» PROBLEM DESCRIPTION:
For every entry, reproduce the wording exactly and omit any image it holds.

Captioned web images
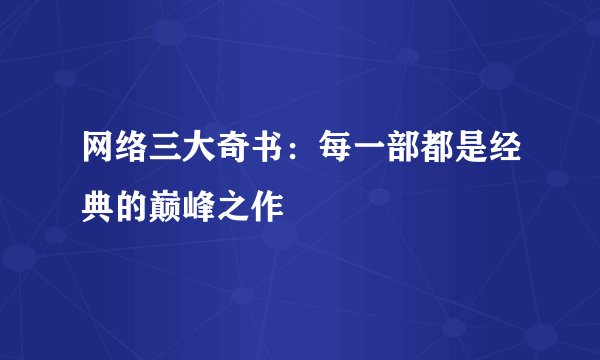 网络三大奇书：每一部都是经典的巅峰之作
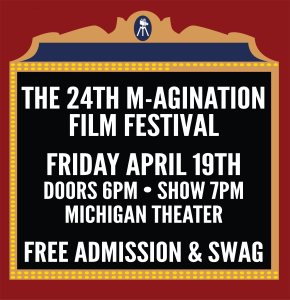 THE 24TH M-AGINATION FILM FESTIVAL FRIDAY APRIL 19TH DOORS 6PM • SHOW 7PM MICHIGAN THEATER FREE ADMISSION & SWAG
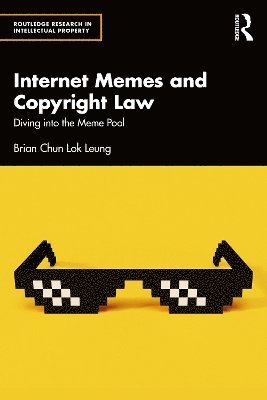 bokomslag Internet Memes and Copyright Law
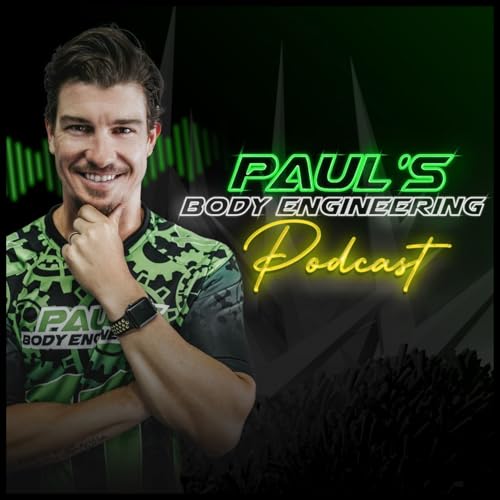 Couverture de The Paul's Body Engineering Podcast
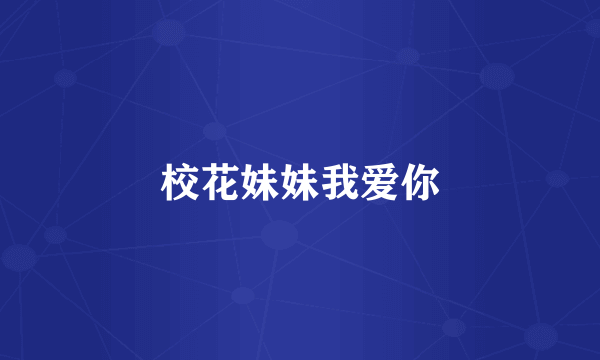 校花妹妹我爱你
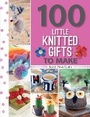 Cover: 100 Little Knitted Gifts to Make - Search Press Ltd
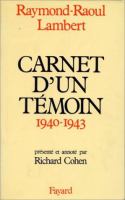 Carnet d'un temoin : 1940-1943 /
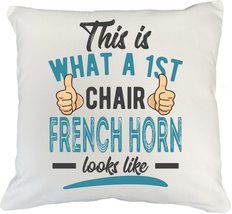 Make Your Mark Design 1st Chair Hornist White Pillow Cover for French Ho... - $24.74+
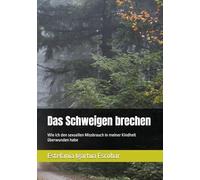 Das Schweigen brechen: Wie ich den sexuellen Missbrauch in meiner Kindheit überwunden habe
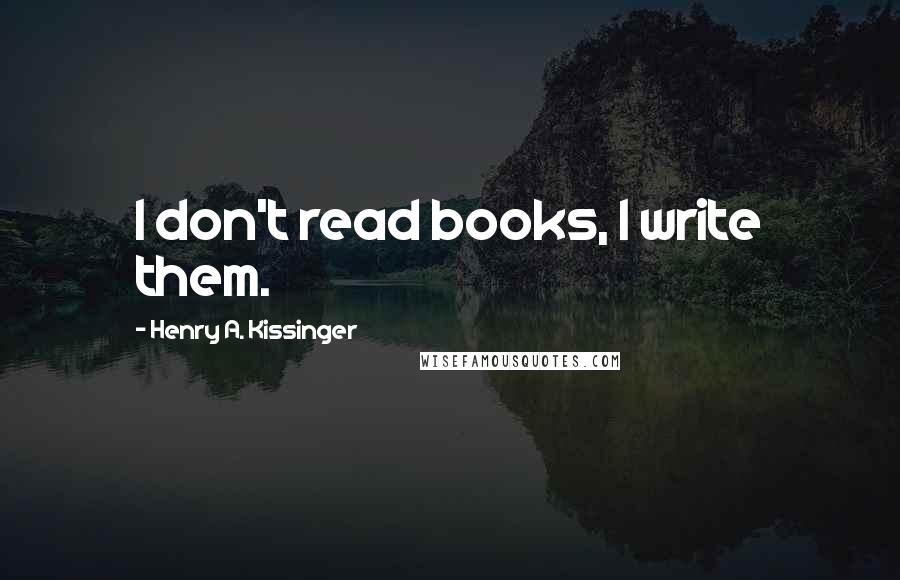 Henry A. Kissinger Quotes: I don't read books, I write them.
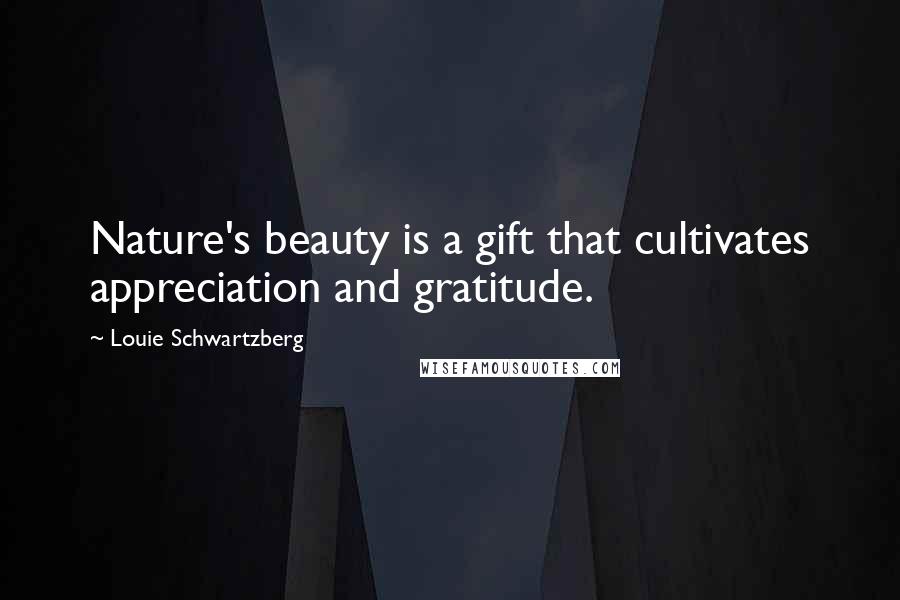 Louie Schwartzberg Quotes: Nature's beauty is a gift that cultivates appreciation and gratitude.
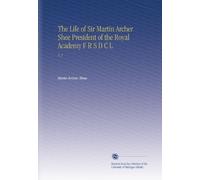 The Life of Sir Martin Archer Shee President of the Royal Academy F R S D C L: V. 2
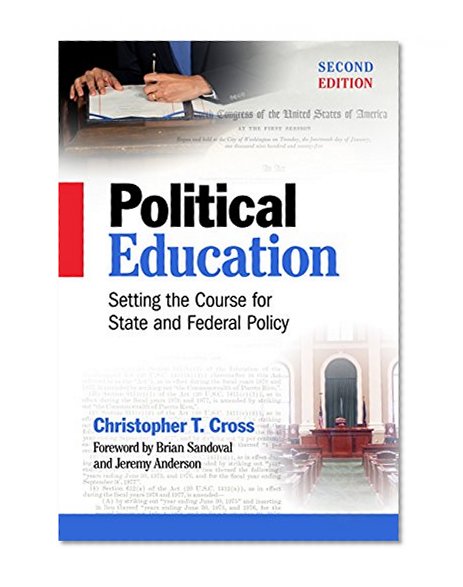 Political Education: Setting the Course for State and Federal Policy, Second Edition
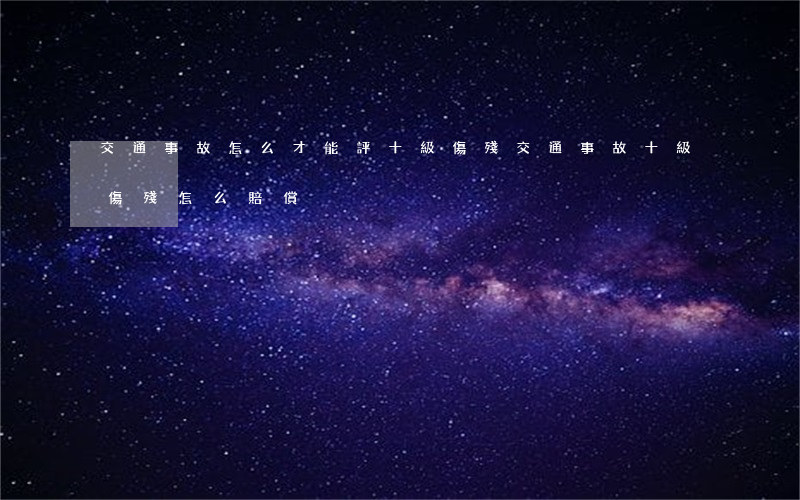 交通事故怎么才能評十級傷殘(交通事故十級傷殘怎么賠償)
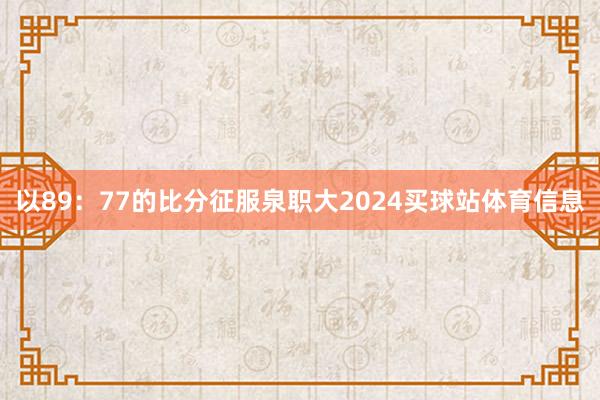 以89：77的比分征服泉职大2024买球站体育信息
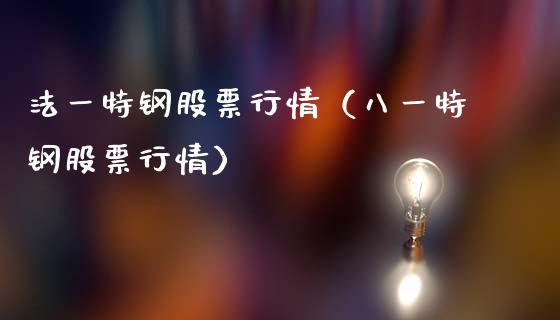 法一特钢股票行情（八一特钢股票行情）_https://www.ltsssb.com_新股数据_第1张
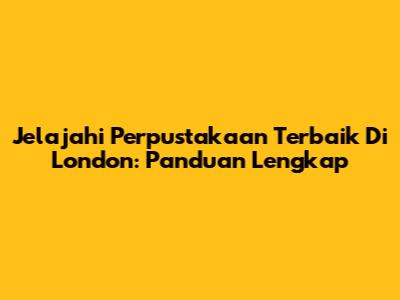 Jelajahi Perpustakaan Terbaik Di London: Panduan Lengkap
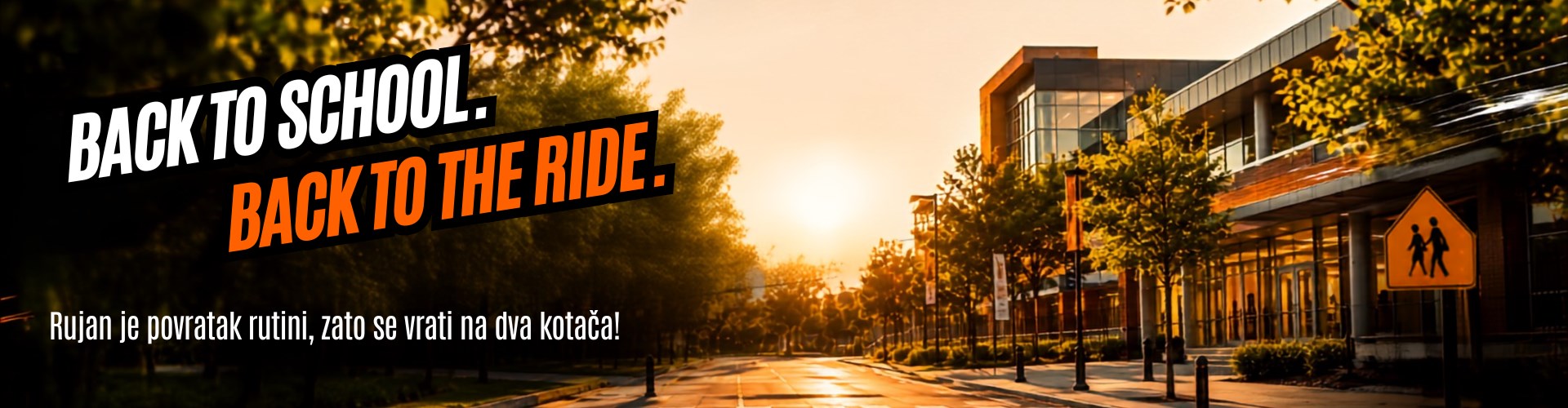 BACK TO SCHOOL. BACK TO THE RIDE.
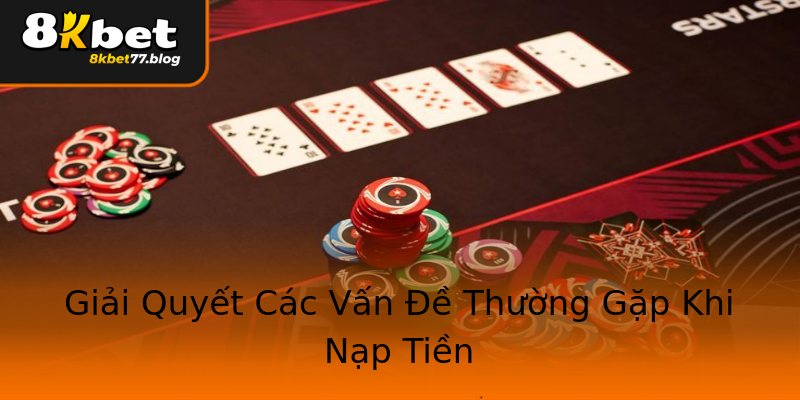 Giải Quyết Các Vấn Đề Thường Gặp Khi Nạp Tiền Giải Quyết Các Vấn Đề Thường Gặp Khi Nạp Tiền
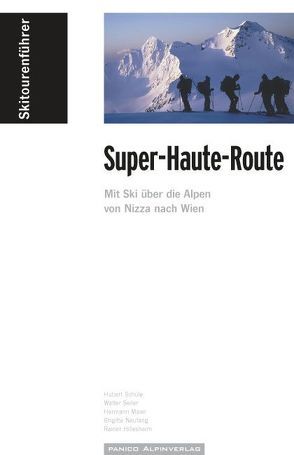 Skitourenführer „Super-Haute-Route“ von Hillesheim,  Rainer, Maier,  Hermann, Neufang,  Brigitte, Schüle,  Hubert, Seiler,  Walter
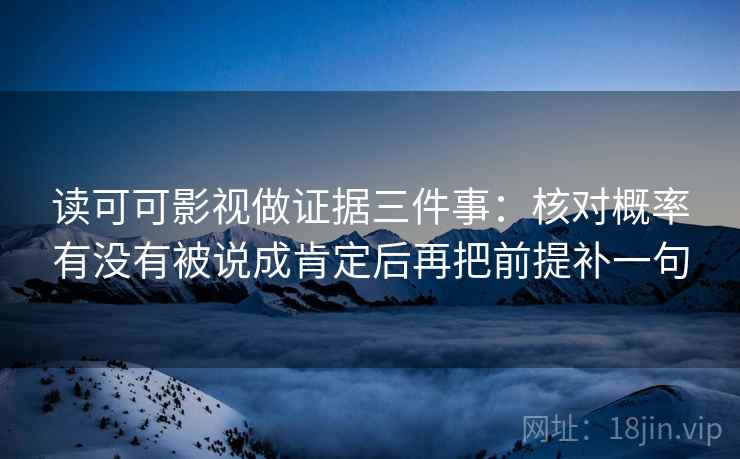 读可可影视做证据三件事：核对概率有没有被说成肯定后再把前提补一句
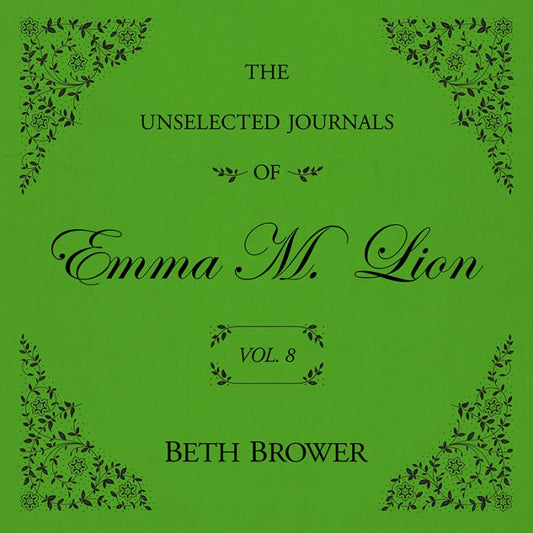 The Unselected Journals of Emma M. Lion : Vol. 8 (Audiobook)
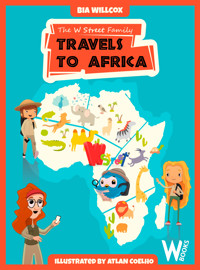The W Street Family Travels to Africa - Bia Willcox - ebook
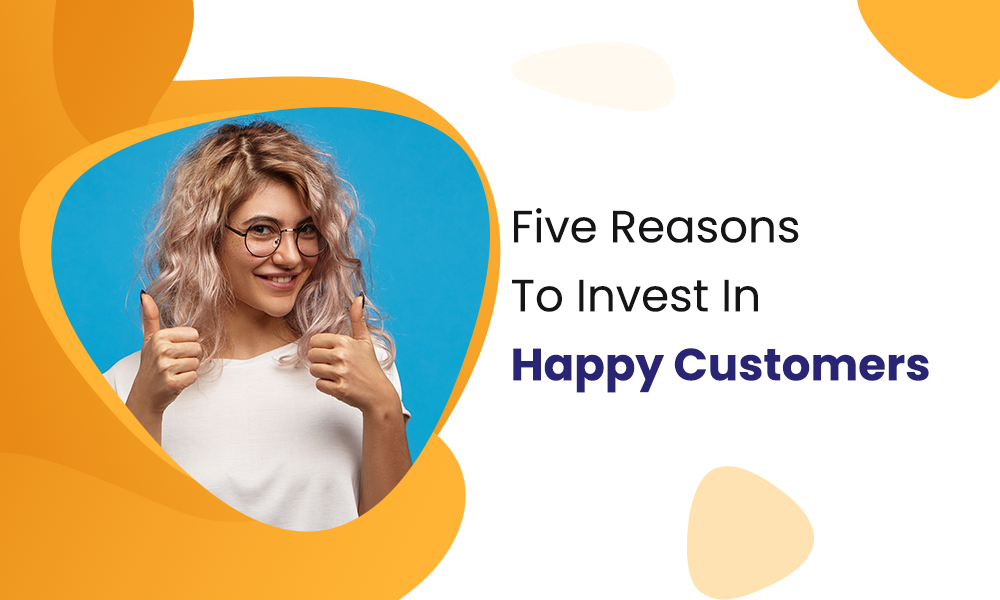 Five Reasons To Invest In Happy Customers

» EXERCISE SOLUTION:
 网络三大奇书：每一部都是经典的巅峰之作
 THE 24TH M-AGINATION FILM FESTIVAL FRIDAY APRIL 19TH DOORS 6PM • SHOW 7PM MICHIGAN THEATER FREE ADMISSION & SWAG
 bokomslag Internet Memes and Copyright Law
 Couverture de The Paul's Body Engineering Podcast
 校花妹妹我爱你
 Cover: 100 Little Knitted Gifts to Make - Search Press Ltd
 Carnet d'un temoin : 1940-1943 /
 Make Your Mark Design 1st Chair Hornist White Pillow Cover for French Ho... - $24.74+
 Das Schweigen brechen: Wie ich den sexuellen Missbrauch in meiner Kindheit überwunden habe
 Henry A. Kissinger Quotes: I don't read books, I write them.
 Louie Schwartzberg Quotes: Nature's beauty is a gift that cultivates appreciation and gratitude.
 The Life of Sir Martin Archer Shee President of the Royal Academy F R S D C L: V. 2
 Political Education: Setting the Course for State and Federal Policy, Second Edition
 交通事故怎么才能評十級傷殘(交通事故十級傷殘怎么賠償)
 以89：77的比分征服泉职大2024买球站体育信息
 法一特钢股票行情（八一特钢股票行情）_https://www.ltsssb.com_新股数据_第1张
 Jelajahi Perpustakaan Terbaik Di London: Panduan Lengkap
 BACK TO SCHOOL. BACK TO THE RIDE.
 Giải Quyết Các Vấn Đề Thường Gặp Khi Nạp Tiền Giải Quyết Các Vấn Đề Thường Gặp Khi Nạp Tiền
 Skitourenführer „Super-Haute-Route“ von Hillesheim,  Rainer, Maier,  Hermann, Neufang,  Brigitte, Schüle,  Hubert, Seiler,  Walter
 读可可影视做证据三件事：核对概率有没有被说成肯定后再把前提补一句
 The Unselected Journals of Emma M. Lion : Vol. 8 (Audiobook)
The W Street Family Travels to Africa - Bia Willcox - ebook
 Five Reasons To Invest In Happy Customers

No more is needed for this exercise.